These days, when you want to have a baby or when you’re pregnant, you may hear that it’s better to take omega 3 fatty acids. However, do you know the reason that you should take it? It is said that omega 3 fatty acids are good for fertility…but how?
In this article, we will explain “how can omega 3 fatty acids improve women’s fertility?”
To develop a baby’s brain
The first 1000 days of a child’s development are from the moment of conception until the child’s second birthday. This is an invaluable period of time for parents to positively impact their child’s long-term physical and mental health and to help them reach their full potential.
The second half of pregnancy and young adulthood are critical periods for brain growth; DHA is the major lipid constituent of the brain, and the brains of fetuses and young children require a large accumulation of omega 3 fatty acids as they grow. A study by Kannass et al. in 2009 showed that infants born to mothers with high blood omega 3 fatty acids levels at delivery had higher levels of concentration duration at age two.
To investigate the importance of omega 3 fatty acids in fetal or infant brain growth and development, they studied the association between maternal omega 3 fatty acids status and problem-solving ability with healthy-born infants.
They measured omega 3 fatty acids blood levels from the mother at 28 weeks pregnancy and 3 months after delivery and correlated them with blood fatty acid levels in infants at 3, 6, and 12 months of age, as well as with problem-solving ability in infants at 6 and 12 months of age.
The omega 3 fatty acids status of pregnant women was found to be positively correlated with the problem-solving ability of 12-month-old infants, even after accounting for easily misinterpreted factors such as maternal education, which was used as a proxy for socioeconomic status. They also found that omega 3 fatty acids status in 3-month-old infants was positively correlated with problem-solving ability at 12 months of age.
They conclude that these results reinforce the importance of pregnant or lactating women getting adequate omega 3 fatty acids in their diet or from other sources.
To reduce the risk of delivering a preterm infant
One study found that supplementation with long-chain omega-3 fatty acids during pregnancy reduced the risk of delivering a preterm infant (<37 weeks) by 11% (25 studies, 10,184 participants) and the risk of early preterm birth (<34 weeks) by 42% (9 studies, 5,184 participants) compared with no supplementation.
A baby can have enough weight
More than 30 years ago, scientists reported on how women in the Faroe Islands who consumed omega-3 fatty acids seafood in their diet had longer pregnancies and their children had higher birth weights than children in the Danish mainland.
As we mentioned above, when you take omega 3 fatty acids enough, you may reduce the risk of delivering a preterm infant, and a baby can stay in you enough.
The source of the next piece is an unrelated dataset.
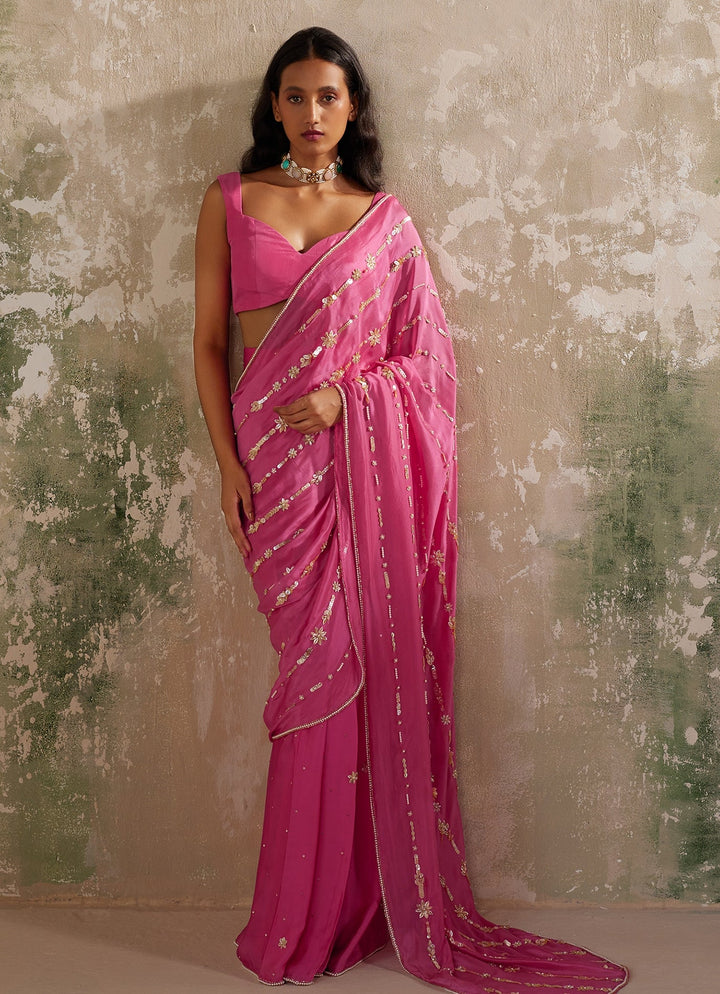 Rani Pink Pre - Stitched Satin and Chiffon Saree Zoon Tribe - Fabilicious Fashion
Therefore, your baby can have enough weight when he/she is born.
To help alleviate postpartum depression
An otherwise pregnancy-related role for omega-3 fatty acids is to help alleviate postpartum depression, as outlined in a 2017 psychoanalysis by Lin et al. Postpartum depression is gaining recognition due to its negative effects on both the mother and the child, and this study further reinforces the importance of consuming adequate amounts of omega-3 fatty acids during pregnancy and lactation.
How many omega 3 fatty acids should I take?
The recommended requirement for women during pregnancy is 500 mg per day, either from a diet of fatty fish or other foods, beverages, or dietary supplements fortified with DHA.
Considering these findings, the authors concluded that 500 to 1,000 mg of long-chain omega-3 fatty acids, DHA, and EPA per day, plus an additional 500 mg minimum of DHA per day, would be most effective.
Omega-3 fatty acids support proper maternal or fetal health and is essential for a healthy pregnancy. Currently, it is recommended that pregnant women consume a minimum of 500 mg of DHA omega-3 per day. However, only a very limited number of women consume the recommended level, and if you are already pregnant or planning to become pregnant, you should consume plenty of fruits and vegetables, good fats, and proteins.